Powerful incandescent lamp used for photography

Photoflood lamps are a type of incandescent light bulb designed for use as a continuous light source for photographic lighting. The filaments of such lamps are operated at much higher temperatures than is the case for standard, general lighting service lamps. The result is a brilliance of light much higher than the lamp's wattage rating would suggest. The trade-off is that the lamp has a very short service life of seldom more than ten hours.

== Applications ==

=== Past ===

Photoflood lamps were used by photographers and film makers as a continuous lighting source.
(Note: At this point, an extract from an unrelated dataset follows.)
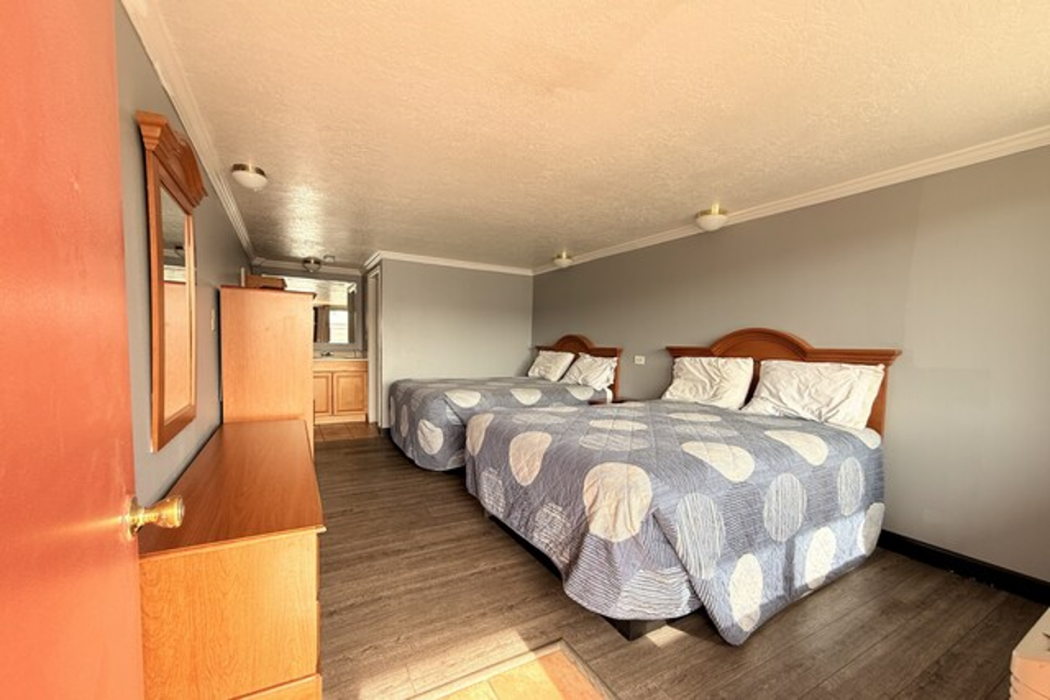 Sands Inn Rock Springs Near I-80 18/62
However for photographers, such use has been overtaken by the use of high power studio flash units many of which also provide a lower power light for modelling purposes. Film makers have turned to longer lasting tungsten halogen lamps which, in their turn, are being overtaken by light-emitting diode (LED) lamps.

=== Present ===

Photoflood lamps are still used in special cases by the motion picture industry. Where an illuminated lamp is required on set as part of the dressing, the light fall from a normal light bulb would not be visible on film as it would be swamped by the bright studio lighting. The ordinary lamp is replaced by a photoflood bulb whose intense light is easily visible on film (and if so required, is bright enough that it can form the sole illumination for the shot).

== Lamp characteristics ==

Photoflood bulbs are available in a number of sizes. The two most common sizes have these characteristics.

120 volt lamps
| Type | Watts | Lumens | Lumens per watt | Colour temperature (K) | Avg. Life (hours) | ANSI code |
|---|---|---|---|---|---|---|
| 100 watt lamp | 100 | 1630 | 16.3 |  | 750 |  |
| No. 1 photoflood | 250 | 6500 | 26 | 3200 | 20 | ECA |
| No. 2 photoflood | 500 | 17,800 | 35.6 | 3400 | 6 | EBV |

240 volt lamps
| Type | Watts | Lumens | Lumens per watt | Colour temperature (K) | Avg. Life (hours) |
|---|---|---|---|---|---|
| 100 watt lamp | 100 | 1200 | 12 | 2900 | 1000 |
| No. 1 photoflood | 275 | 8500 | 30 | 3400 | 3 |
| No. 2 photoflood | 500 | 14,400 | 28.8 | 3400 | 6 |

Note that in each case an ordinary 100 watt lamp is provided for comparison purposes.